(Materials provided begins)

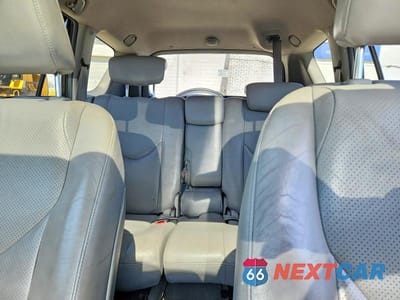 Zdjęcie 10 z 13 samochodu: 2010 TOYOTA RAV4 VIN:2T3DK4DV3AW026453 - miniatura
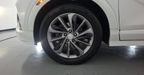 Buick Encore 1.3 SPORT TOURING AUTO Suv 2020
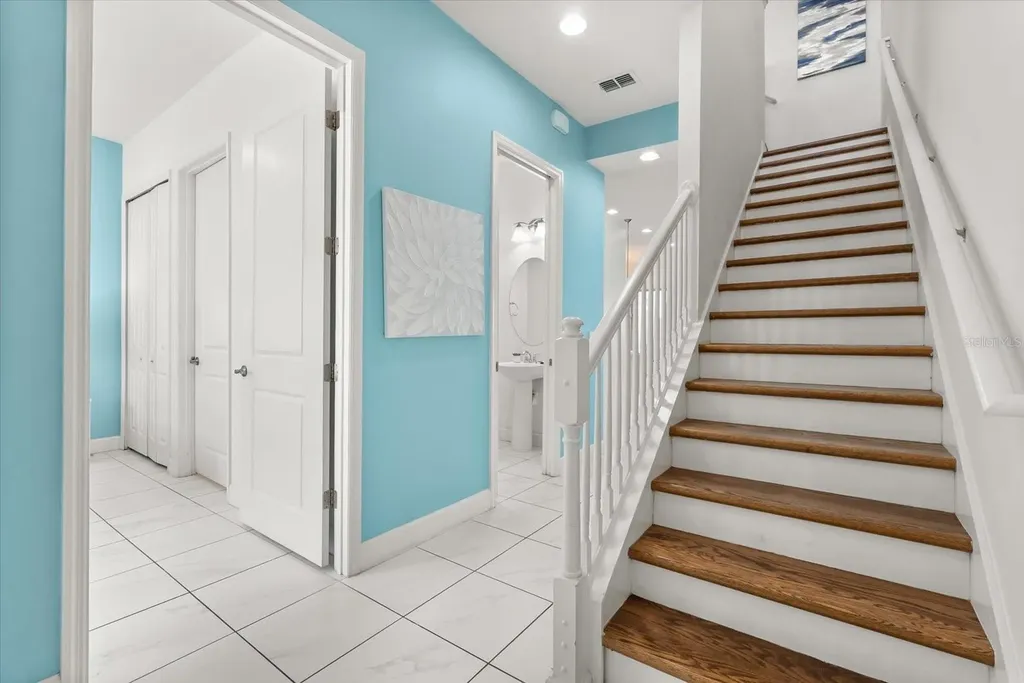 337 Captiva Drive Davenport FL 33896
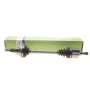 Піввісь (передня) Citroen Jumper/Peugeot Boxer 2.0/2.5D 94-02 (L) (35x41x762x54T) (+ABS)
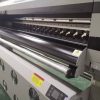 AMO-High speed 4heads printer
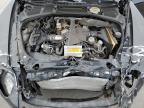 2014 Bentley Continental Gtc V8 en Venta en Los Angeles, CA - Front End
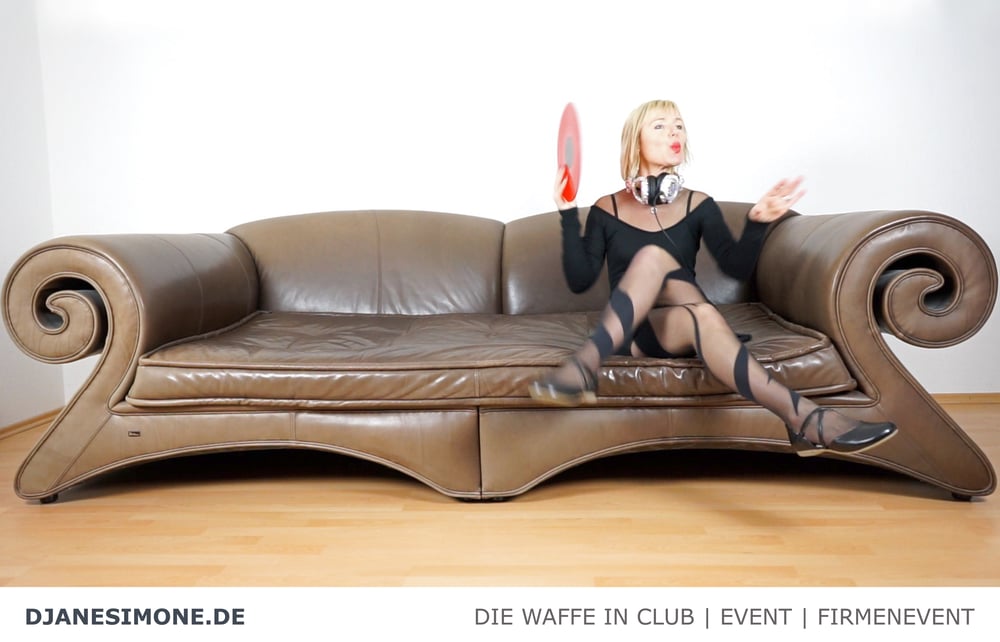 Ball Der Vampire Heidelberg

(Materials provided ends)

What this task involves:
Please write out, word for word, each line from the one with "2014 Bentley Continental" to the last line of the data, keeping both ends and omitting pictures.

Solution:
 2014 Bentley Continental Gtc V8 en Venta en Los Angeles, CA - Front End
 Ball Der Vampire Heidelberg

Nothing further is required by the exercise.